Problem requirements →
Repeat the data. Keep each line identical.

Source material →
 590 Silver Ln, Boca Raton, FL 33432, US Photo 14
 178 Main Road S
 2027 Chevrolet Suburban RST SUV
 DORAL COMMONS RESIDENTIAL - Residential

Task answer →
 590 Silver Ln, Boca Raton, FL 33432, US Photo 14
 178 Main Road S
 2027 Chevrolet Suburban RST SUV
 DORAL COMMONS RESIDENTIAL - Residential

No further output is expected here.